Retype exactly every line from the one that includes "If the HP TouchSmart" through the final line of the listing, both ends kept, and omit the pictures.

Given material -
******************************
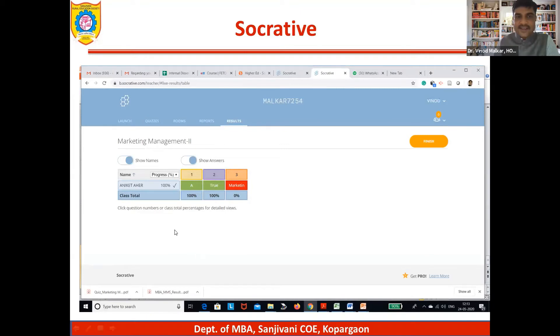As a teacher, you will get the results: the name of the student, all the questions attempted, first question correct, second question correct, third question wrong.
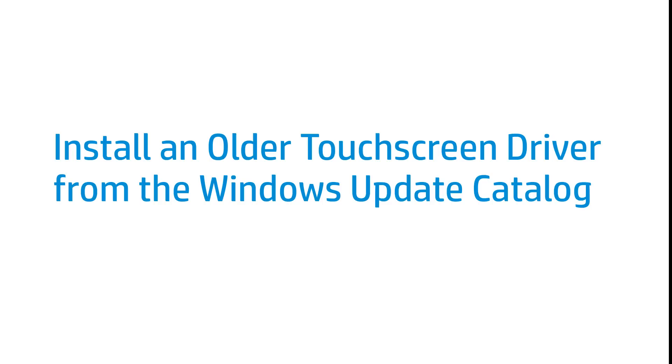If the HP TouchSmart screen does not work after upgrading to Windows 8, installing an older touchscreen driver from the Windows Update Catalog can correct the problem. This video shows how to install an older touchscreen driver from the Windows Update Catalog.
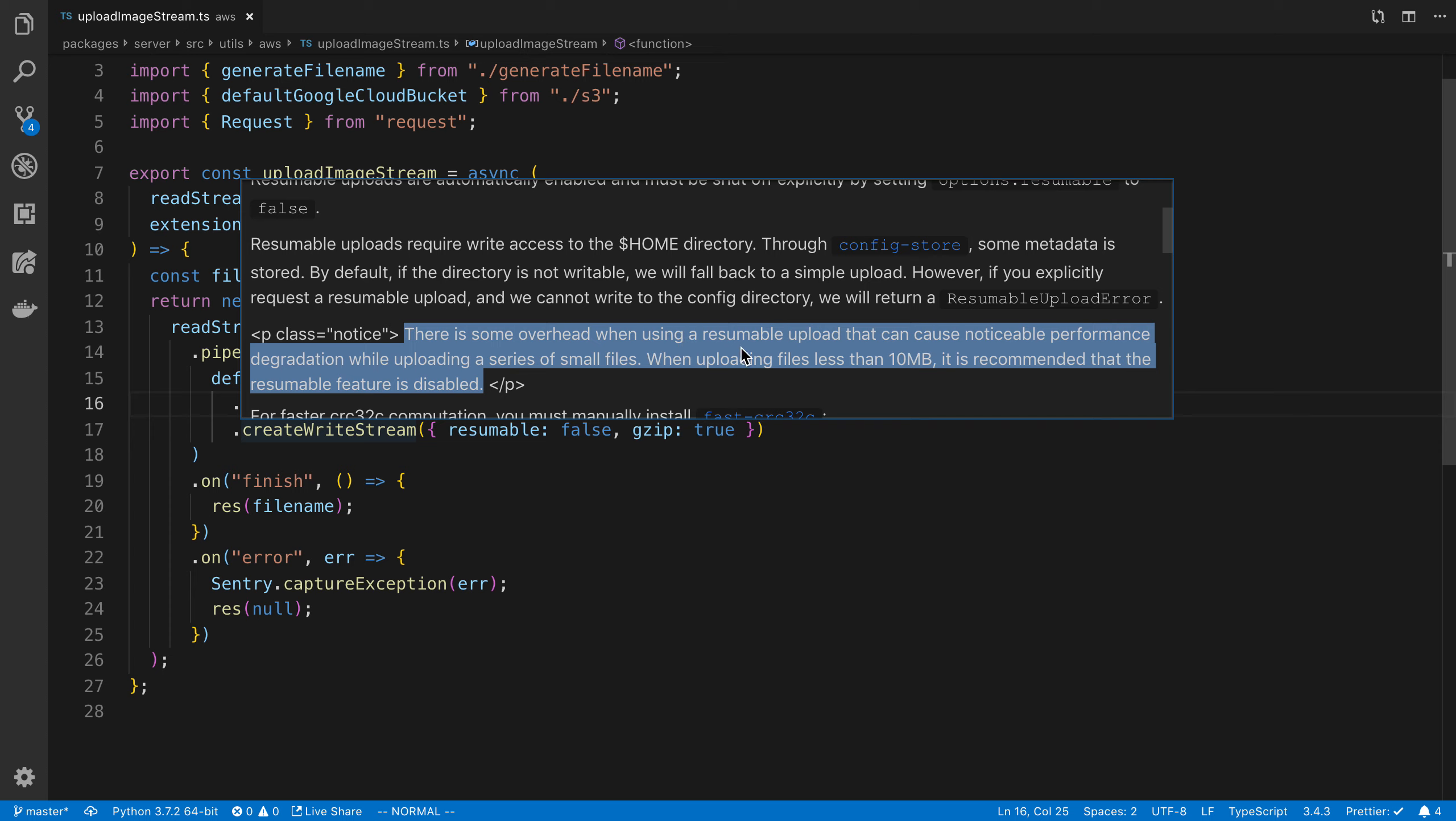is some overhead when using a resumable upload. And if your files are below 10 megabytes, you should probably turn resumable off.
******************************
Solution for this exercise -
If the HP TouchSmart screen does not work after upgrading to Windows 8, installing an older touchscreen driver from the Windows Update Catalog can correct the problem. This video shows how to install an older touchscreen driver from the Windows Update Catalog.
is some overhead when using a resumable upload. And if your files are below 10 megabytes, you should probably turn resumable off.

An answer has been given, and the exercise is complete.